» Problem to solve
Please repeat every record exactly, leaving out any pictures.

» Materials provided

[Start of Attachment]

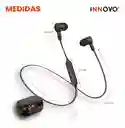 Audifono Bluetooth Deportivo Control Volumen Con Estuche Kin Hifi Sound Hifi Sport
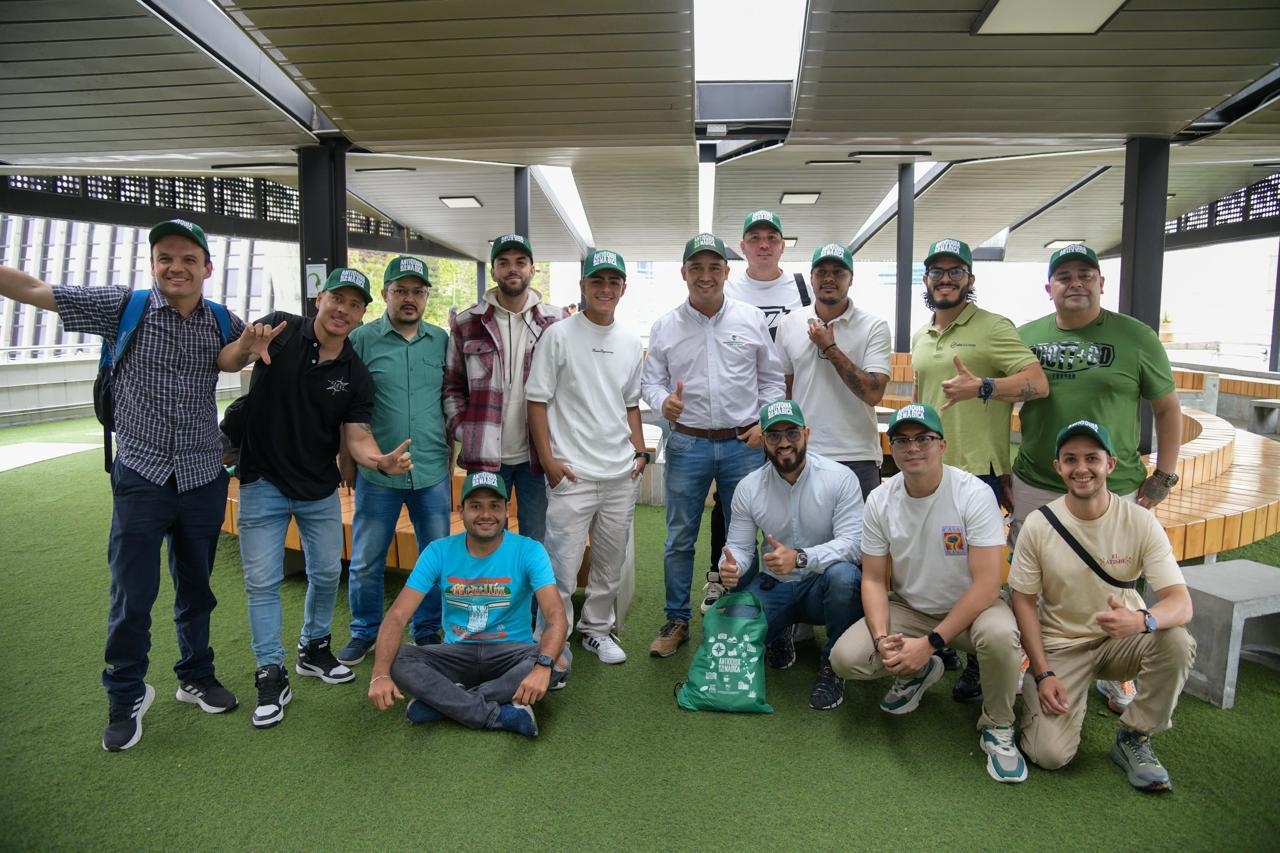 Creadores de contenido se convertirán en embajadores del turismo antioqueño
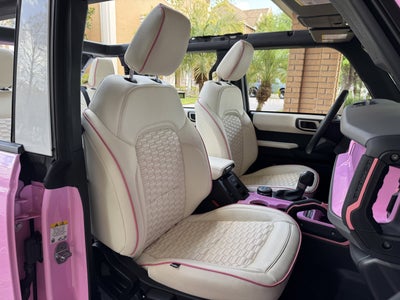 2024 Ford Bronco Pink Hard Top Custom Lifted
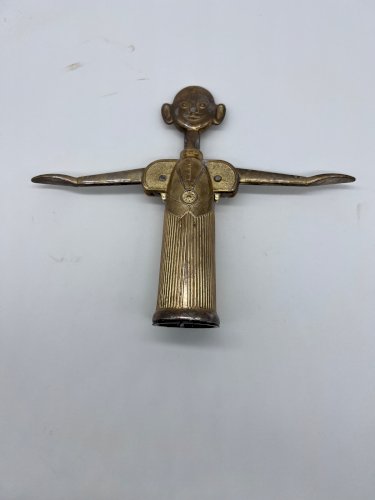 TIRE-BOUCHON VINTAGE – “PIERRE LE SOMMELIER” – ALDO COLOMBO – 1980s – ITALIE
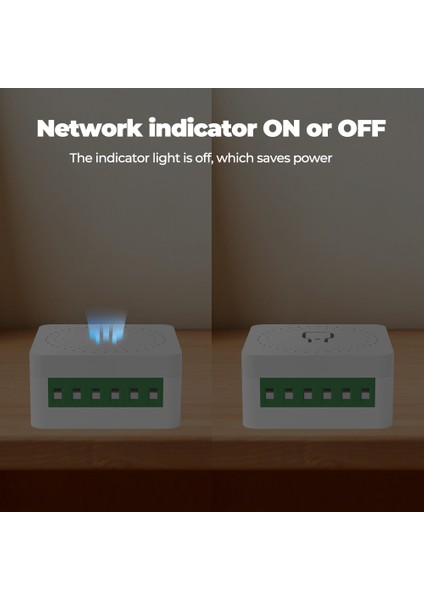 Rovf - Ewelink Mini Wifi Akıllı Anahtar Işığı - 16A 2 Yollu Modül Açma Kapama Kesici - Kablosuz Uzaktan Sesli Zamanlayıcı Zamanlama Uygulaması - Google Home Alexa Için (Yurt Dışından) modelleri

[End of Attachment]

» Response area
 Audifono Bluetooth Deportivo Control Volumen Con Estuche Kin Hifi Sound Hifi Sport
 Creadores de contenido se convertirán en embajadores del turismo antioqueño
 2024 Ford Bronco Pink Hard Top Custom Lifted
 TIRE-BOUCHON VINTAGE – “PIERRE LE SOMMELIER” – ALDO COLOMBO – 1980s – ITALIE
 Rovf - Ewelink Mini Wifi Akıllı Anahtar Işığı - 16A 2 Yollu Modül Açma Kapama Kesici - Kablosuz Uzaktan Sesli Zamanlayıcı Zamanlama Uygulaması - Google Home Alexa Için (Yurt Dışından) modelleri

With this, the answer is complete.